It's funny, when I was working on my last book, I put an autoresponder on my email that basically says,
I'm in a creative cave for a really long time.
If this is an absolute emergency, here's my assistance, you know, and they know where to find me.
And some people got angry, but a lot of people were totally fine with that.
The funny thing is what you said started, I've actually seen my exact email language now copied and pasted in other friends' emails when they're deep into a creative or entrepreneurial venture.
Now, this just happened the other day.
I was emailing a friend, and I essentially got my words back to me.
I love that.
Don't you love it?
And I called him up.
I said, hey.
And he said, sorry, man, but it was really good, so I'm just using it.
That is fantastic.
So, yeah.
And also, I love the language.
Creative Cave is fabulous.
So I think part of what we want to do is to use language that inspires people.

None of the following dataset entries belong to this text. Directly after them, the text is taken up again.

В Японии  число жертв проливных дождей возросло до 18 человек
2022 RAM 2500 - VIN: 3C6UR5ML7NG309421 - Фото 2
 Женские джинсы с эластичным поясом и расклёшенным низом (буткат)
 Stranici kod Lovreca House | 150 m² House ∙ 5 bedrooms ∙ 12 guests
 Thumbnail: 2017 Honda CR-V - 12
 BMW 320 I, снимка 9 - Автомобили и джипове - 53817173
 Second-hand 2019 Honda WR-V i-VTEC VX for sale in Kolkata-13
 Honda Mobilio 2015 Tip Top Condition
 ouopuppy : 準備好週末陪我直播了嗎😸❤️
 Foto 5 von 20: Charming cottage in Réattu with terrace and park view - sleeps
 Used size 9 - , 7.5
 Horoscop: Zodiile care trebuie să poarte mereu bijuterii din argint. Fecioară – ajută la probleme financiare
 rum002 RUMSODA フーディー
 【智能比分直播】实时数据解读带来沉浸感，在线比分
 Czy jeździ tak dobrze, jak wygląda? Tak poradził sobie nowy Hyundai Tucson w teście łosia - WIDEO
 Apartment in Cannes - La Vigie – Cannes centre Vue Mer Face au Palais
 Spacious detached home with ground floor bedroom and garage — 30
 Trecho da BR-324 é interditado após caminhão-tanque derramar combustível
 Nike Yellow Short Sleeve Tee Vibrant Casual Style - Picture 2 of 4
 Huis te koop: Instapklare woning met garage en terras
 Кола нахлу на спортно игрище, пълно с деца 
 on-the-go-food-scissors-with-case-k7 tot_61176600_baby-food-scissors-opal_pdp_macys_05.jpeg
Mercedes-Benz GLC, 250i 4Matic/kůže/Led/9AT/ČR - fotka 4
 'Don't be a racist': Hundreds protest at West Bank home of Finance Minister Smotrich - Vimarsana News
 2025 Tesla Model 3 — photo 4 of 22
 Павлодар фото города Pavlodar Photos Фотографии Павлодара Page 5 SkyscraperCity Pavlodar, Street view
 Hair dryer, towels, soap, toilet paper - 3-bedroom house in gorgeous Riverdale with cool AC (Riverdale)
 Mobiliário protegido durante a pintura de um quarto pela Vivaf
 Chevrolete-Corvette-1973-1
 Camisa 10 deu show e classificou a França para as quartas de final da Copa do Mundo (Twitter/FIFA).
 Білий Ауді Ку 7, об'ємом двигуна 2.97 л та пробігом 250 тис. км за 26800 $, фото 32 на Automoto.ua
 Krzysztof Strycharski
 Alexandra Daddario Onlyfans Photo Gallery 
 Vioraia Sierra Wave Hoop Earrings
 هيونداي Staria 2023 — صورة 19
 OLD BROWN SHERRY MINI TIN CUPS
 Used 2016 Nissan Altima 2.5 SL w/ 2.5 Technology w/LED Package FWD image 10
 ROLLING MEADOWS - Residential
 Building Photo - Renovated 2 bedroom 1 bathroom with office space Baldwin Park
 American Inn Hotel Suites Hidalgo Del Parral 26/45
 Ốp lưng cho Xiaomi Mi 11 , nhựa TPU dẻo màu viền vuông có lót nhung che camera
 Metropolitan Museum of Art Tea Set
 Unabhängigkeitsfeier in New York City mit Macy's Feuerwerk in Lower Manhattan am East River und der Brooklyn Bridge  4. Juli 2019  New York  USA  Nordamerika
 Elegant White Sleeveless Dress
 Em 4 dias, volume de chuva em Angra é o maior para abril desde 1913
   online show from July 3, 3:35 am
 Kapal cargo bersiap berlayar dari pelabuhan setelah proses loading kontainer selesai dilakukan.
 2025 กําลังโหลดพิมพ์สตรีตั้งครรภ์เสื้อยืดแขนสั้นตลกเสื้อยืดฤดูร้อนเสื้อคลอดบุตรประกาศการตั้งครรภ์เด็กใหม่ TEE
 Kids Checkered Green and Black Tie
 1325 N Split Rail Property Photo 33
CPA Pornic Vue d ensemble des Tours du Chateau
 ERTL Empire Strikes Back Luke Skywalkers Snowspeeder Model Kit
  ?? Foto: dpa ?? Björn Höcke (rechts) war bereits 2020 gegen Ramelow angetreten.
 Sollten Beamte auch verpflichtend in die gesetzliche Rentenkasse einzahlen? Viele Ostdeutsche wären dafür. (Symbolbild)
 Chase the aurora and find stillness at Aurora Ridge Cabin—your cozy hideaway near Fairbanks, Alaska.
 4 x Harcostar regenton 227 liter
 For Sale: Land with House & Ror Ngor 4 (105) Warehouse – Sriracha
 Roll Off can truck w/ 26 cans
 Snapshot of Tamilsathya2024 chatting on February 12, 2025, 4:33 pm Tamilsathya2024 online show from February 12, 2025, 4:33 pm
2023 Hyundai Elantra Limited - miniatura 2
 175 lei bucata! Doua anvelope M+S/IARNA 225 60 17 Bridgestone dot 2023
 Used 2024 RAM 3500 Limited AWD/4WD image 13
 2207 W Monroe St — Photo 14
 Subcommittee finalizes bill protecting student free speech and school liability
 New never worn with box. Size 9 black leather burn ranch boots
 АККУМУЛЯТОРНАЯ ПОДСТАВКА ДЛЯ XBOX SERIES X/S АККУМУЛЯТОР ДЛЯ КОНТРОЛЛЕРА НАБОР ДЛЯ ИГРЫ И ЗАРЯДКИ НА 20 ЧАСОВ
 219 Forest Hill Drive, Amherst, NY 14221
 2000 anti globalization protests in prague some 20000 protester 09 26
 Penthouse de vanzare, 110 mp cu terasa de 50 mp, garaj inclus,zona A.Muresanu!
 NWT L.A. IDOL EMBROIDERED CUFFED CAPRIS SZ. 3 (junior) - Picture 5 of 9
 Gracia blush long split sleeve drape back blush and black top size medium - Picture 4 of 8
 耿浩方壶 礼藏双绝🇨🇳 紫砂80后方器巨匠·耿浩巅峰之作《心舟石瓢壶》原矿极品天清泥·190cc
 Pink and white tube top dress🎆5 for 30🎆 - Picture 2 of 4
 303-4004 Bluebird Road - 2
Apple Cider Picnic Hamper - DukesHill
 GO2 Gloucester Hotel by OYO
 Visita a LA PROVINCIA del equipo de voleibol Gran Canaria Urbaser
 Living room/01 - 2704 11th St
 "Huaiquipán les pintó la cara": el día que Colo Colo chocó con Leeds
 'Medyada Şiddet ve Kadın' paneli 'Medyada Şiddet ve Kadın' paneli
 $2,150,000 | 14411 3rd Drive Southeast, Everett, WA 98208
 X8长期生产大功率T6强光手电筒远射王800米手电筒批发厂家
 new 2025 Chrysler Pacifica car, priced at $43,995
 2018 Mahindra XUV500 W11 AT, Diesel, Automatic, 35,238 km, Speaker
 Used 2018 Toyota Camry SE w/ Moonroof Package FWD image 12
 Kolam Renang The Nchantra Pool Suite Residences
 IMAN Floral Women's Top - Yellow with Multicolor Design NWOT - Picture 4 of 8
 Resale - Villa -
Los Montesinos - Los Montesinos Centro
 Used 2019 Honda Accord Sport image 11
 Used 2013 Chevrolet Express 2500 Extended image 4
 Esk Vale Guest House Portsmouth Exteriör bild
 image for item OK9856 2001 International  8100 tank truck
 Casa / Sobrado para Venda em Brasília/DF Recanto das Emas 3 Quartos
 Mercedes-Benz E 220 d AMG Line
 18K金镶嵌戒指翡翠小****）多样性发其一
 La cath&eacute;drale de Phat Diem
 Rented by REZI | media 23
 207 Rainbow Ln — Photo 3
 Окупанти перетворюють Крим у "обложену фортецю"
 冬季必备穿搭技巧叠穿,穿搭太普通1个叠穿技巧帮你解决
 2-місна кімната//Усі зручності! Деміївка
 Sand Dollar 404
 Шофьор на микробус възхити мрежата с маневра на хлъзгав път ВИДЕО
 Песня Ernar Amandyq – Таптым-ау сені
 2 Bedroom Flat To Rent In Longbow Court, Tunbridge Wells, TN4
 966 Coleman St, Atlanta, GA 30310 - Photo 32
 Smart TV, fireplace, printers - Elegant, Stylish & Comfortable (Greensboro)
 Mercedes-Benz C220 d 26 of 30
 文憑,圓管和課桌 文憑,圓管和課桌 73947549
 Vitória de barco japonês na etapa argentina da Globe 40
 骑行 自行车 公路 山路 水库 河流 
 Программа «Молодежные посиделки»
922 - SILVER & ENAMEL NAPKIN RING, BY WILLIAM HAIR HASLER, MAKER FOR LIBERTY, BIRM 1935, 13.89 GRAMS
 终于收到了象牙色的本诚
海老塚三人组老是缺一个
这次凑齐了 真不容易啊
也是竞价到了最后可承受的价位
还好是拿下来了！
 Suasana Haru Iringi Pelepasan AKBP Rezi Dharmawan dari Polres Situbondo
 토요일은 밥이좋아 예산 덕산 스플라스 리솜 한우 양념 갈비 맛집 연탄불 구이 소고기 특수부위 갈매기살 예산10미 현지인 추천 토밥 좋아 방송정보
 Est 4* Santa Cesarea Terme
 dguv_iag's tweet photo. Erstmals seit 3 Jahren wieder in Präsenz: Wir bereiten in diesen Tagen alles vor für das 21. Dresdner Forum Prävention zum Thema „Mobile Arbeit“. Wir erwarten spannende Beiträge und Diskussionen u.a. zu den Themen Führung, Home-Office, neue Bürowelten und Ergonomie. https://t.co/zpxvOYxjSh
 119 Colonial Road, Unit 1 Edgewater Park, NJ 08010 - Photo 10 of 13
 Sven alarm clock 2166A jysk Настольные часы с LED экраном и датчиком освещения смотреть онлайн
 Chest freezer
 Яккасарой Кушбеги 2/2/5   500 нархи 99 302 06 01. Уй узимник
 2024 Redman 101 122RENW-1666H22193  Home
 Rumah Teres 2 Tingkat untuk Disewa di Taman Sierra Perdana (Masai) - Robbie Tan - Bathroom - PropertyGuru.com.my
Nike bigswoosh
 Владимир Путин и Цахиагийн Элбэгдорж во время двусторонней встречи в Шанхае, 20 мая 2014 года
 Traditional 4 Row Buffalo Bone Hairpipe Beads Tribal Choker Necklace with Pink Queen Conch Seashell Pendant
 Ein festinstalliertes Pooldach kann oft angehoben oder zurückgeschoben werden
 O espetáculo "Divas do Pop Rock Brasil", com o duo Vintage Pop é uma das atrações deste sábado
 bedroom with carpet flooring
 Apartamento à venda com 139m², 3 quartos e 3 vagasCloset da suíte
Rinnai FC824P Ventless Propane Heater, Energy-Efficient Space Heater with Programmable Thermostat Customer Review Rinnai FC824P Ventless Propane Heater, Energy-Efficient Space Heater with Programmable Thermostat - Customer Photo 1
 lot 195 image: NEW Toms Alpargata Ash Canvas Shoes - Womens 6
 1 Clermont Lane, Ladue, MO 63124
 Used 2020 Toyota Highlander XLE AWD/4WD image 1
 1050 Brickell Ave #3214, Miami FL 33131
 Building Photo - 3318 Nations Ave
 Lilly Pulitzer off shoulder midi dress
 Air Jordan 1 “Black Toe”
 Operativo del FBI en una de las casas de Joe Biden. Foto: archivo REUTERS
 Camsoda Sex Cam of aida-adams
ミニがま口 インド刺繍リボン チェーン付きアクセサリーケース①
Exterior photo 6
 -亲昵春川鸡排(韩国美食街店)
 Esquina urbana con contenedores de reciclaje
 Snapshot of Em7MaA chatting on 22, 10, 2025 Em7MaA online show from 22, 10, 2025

So capturing that, making it more poetic, helping people connect with something deeper is going to be very important.
In fact, the technology for what we're doing is not that complicated.
What we're spending a lot of time on is the aesthetic experience so that it becomes something that you actually want to be part of.
Yeah, that makes a lot of sense. So we talked a little bit, we talked about one or two things
that you could do. Can we talk a little bit about some of the other sort of things that you can
actually do? Because I think we have a decent sense of where we came from in the history and
why this is really important.
Powering down electronics is probably, like you said, big step number one.
What are some of, like, what do you consider the, like, the big three things that, you know,
that will make the biggest difference of the 80-20 in the sleep world?
What are the smallest number of things that you could do that make the biggest effect?
So the one I'm going to mention now is very familiar to anybody who has children.
You have children.
So you know that when your children are young, you don't just plunk them in bed.
Right.
Well, that's the fantasy.
That's the fantasy, right?
But it doesn't happen.
Never. And so transition to sleep is as important for grownups as it is for children.
We each need to create our own ritual.
I write in the book about my ritual,
and I recommend that everybody becomes their own sleep scientist and trying things and not being ashamed if they end up with some very
hokey thing. It doesn't matter what it is. Does it work for you? Try it. If it doesn't, move on
to something else. My ritual is at least 30 minutes before I'm going to turn off the lights,
I power down all my devices, take them outside my bedroom, lower all the lights, have a very hot bath.
You may prefer a shower.
It doesn't matter.
But the ritual of having water on you is like washing the day away.
It's like as the Bible says, the evil of today is enough.
You know, every day, however blessed, includes obstacles, challenges, things we wish were otherwise.
This is like a moment when we say, this day is done.
Right.
And I'm now moving to my time to recharge, to reconnect with the deeper part of who I am,
and then face tomorrow fully ready to face whatever life brings me.
And I put Epsom salts in my bath, which also have magnesium that is soothing.
I always have a flickering candle nearby.
So I make it like a ritual.
And it can be five minutes or it can be 10 minutes,
whatever you feel you need that night.
And then having special PJs or night dresses or a T-shirt, whatever, that you only wear to sleep.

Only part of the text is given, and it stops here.